> **REQUIREMENT**:
Transcribe exactly the lines that fall between the one holding "A Ribozomda amino asitlerden protein sentezi" and the one holding "Western Blot (WB)", inclusive, from the entries below.

> **DATA EXTRACTS**:
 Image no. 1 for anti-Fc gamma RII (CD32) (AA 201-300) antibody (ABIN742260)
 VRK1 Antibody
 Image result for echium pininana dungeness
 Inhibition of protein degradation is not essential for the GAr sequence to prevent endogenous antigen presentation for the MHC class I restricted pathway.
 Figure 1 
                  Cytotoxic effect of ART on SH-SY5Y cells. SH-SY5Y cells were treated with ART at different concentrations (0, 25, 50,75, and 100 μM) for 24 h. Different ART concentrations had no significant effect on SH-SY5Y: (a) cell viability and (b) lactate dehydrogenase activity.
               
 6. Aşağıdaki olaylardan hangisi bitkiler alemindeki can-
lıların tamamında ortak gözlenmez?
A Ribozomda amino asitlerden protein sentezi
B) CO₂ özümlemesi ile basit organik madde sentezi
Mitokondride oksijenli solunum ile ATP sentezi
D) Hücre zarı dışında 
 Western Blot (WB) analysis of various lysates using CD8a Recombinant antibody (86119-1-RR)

...

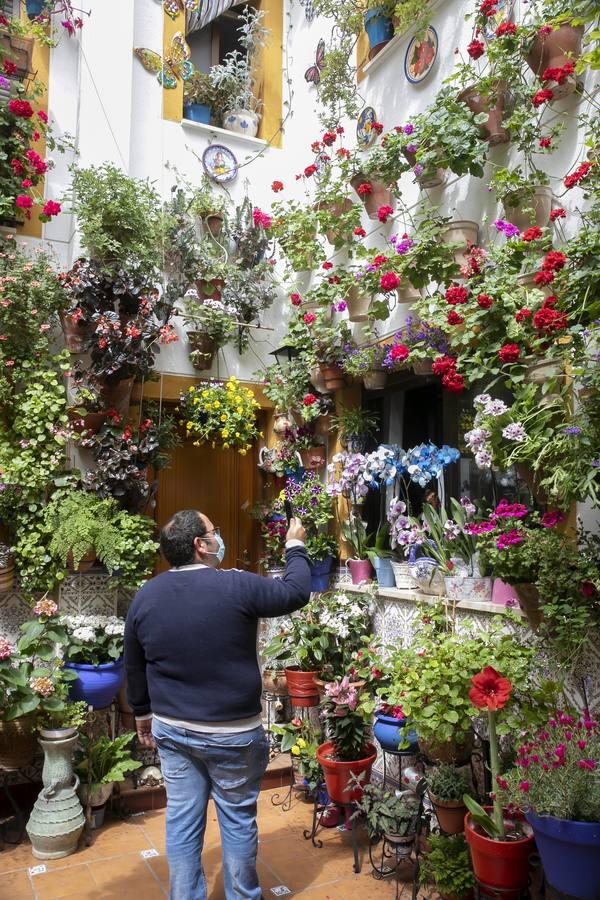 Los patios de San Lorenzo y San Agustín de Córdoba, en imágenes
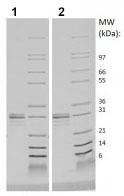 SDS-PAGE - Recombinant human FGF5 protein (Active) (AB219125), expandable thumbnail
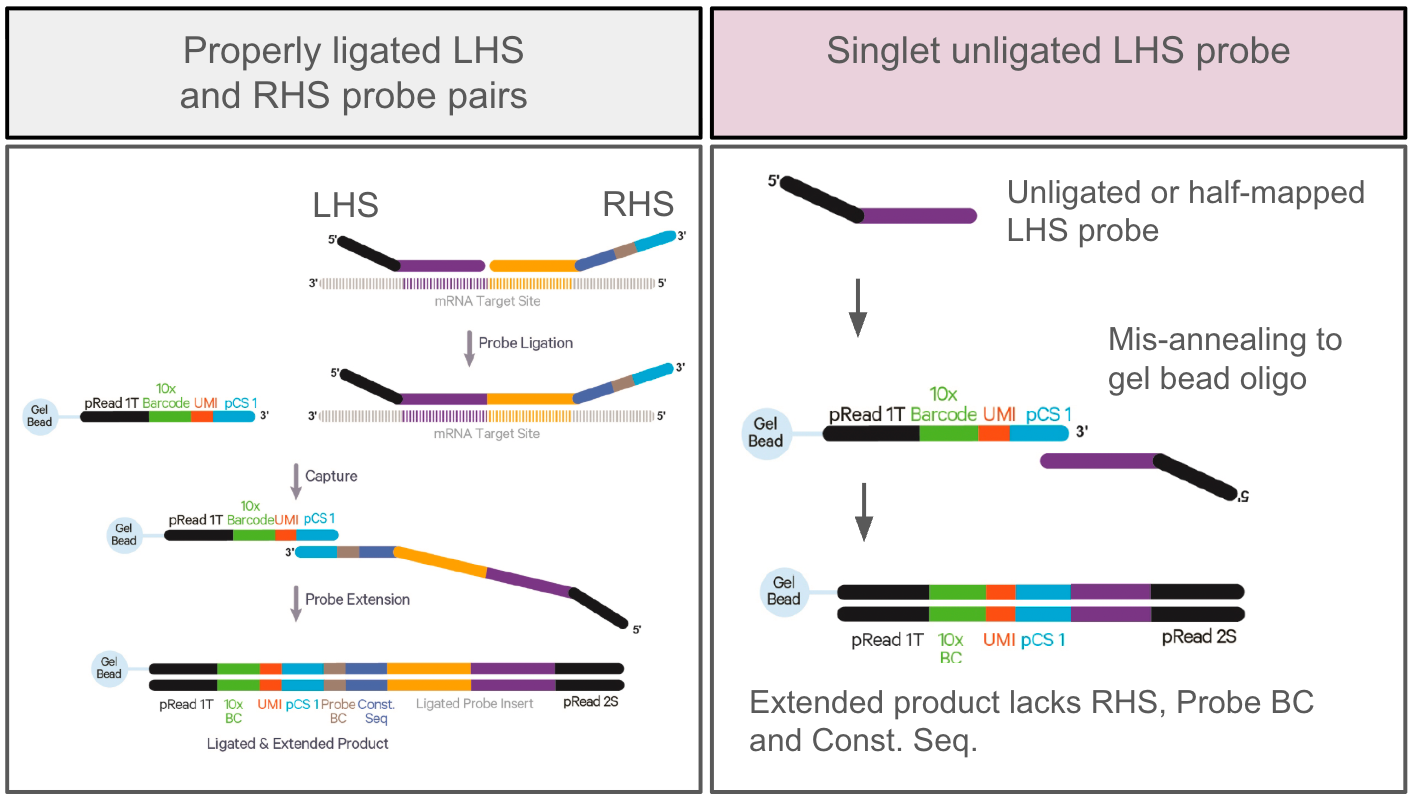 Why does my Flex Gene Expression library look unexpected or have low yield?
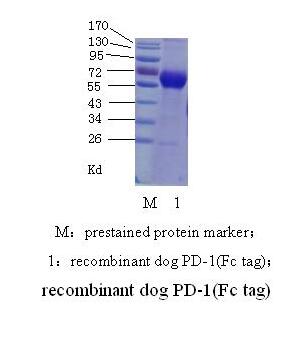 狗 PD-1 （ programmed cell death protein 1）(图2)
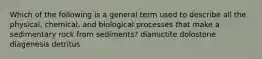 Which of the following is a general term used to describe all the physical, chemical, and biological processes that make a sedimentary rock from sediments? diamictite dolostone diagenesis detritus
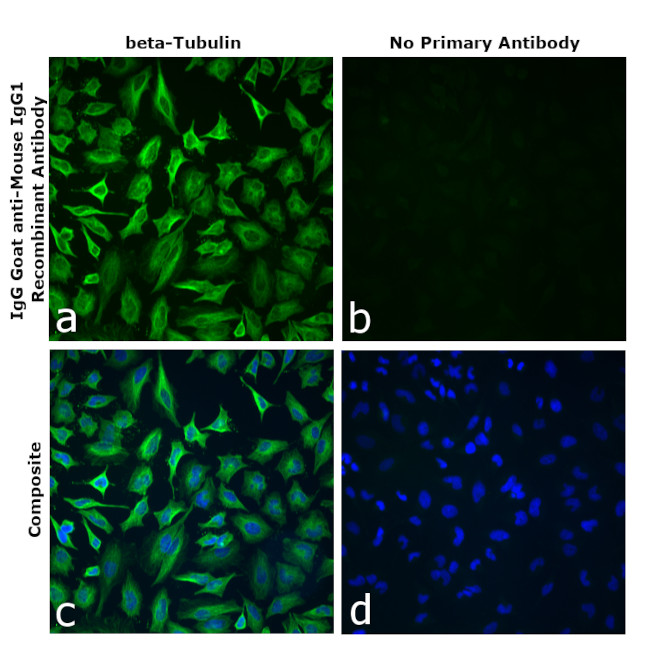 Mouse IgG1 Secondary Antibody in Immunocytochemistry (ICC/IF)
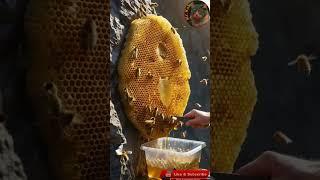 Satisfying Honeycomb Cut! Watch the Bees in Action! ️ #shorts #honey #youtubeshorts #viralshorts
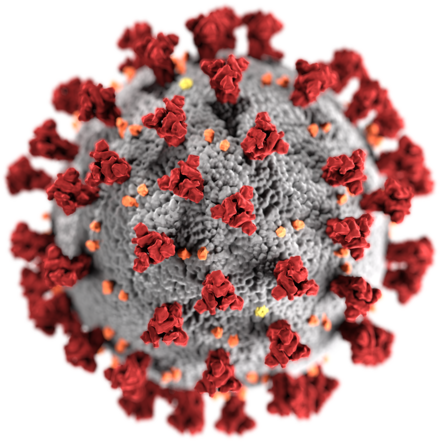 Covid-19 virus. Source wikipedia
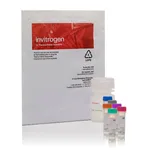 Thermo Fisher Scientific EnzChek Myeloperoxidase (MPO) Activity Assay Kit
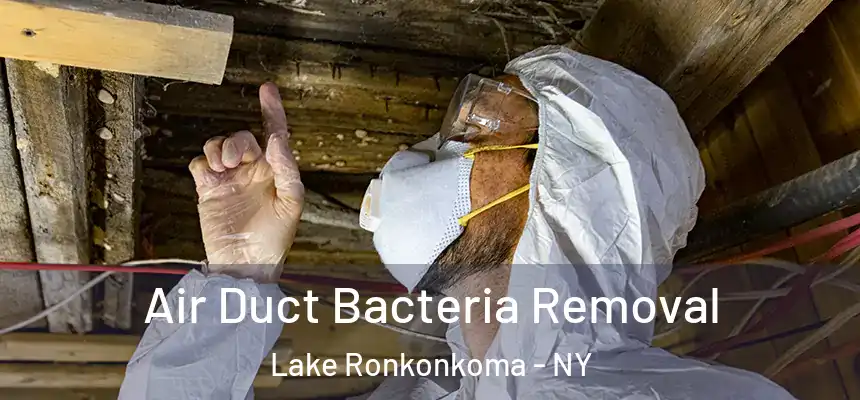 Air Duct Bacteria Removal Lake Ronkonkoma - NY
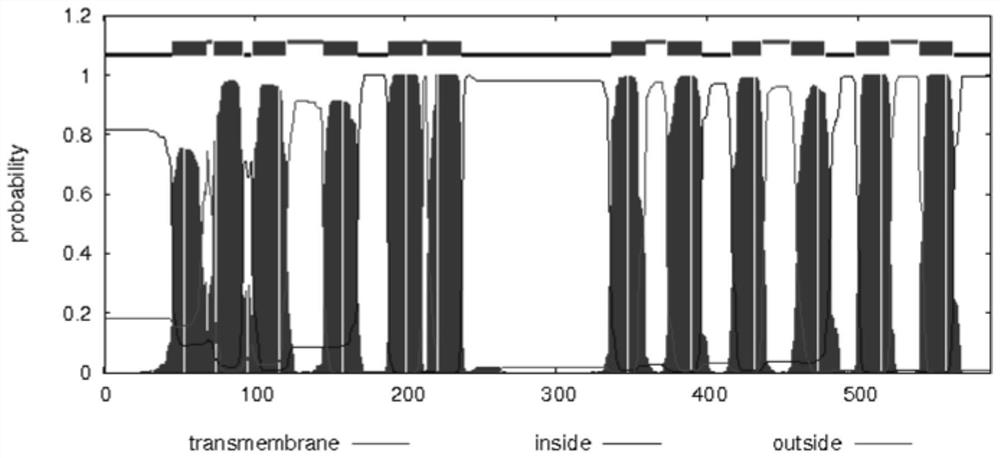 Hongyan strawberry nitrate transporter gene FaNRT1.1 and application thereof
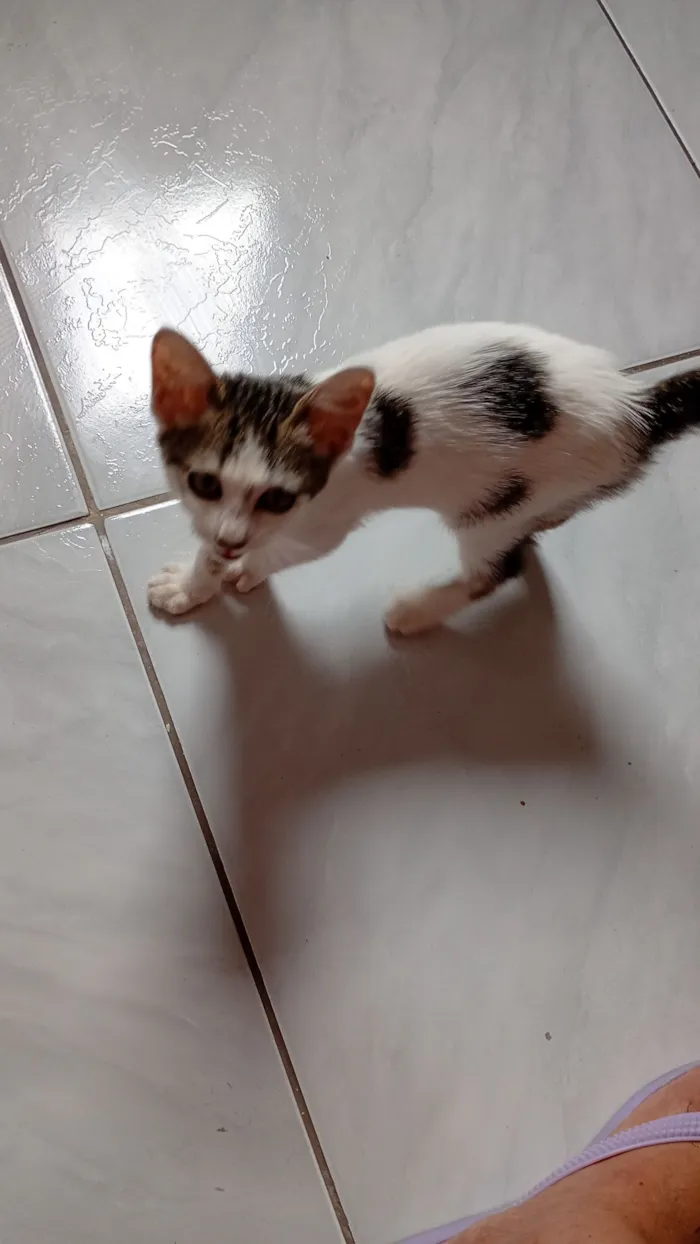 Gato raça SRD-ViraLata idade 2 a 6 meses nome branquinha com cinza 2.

* * *

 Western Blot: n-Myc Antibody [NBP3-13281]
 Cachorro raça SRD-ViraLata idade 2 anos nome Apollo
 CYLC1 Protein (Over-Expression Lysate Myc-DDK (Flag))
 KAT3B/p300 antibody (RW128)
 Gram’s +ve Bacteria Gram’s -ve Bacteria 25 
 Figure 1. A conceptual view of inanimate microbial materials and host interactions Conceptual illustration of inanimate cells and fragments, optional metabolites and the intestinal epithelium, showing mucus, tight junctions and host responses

> **RESULT OF THE EXERCISE**:
A Ribozomda amino asitlerden protein sentezi
B) CO₂ özümlemesi ile basit organik madde sentezi
Mitokondride oksijenli solunum ile ATP sentezi
D) Hücre zarı dışında 
 Western Blot (WB) analysis of various lysates using CD8a Recombinant antibody (86119-1-RR)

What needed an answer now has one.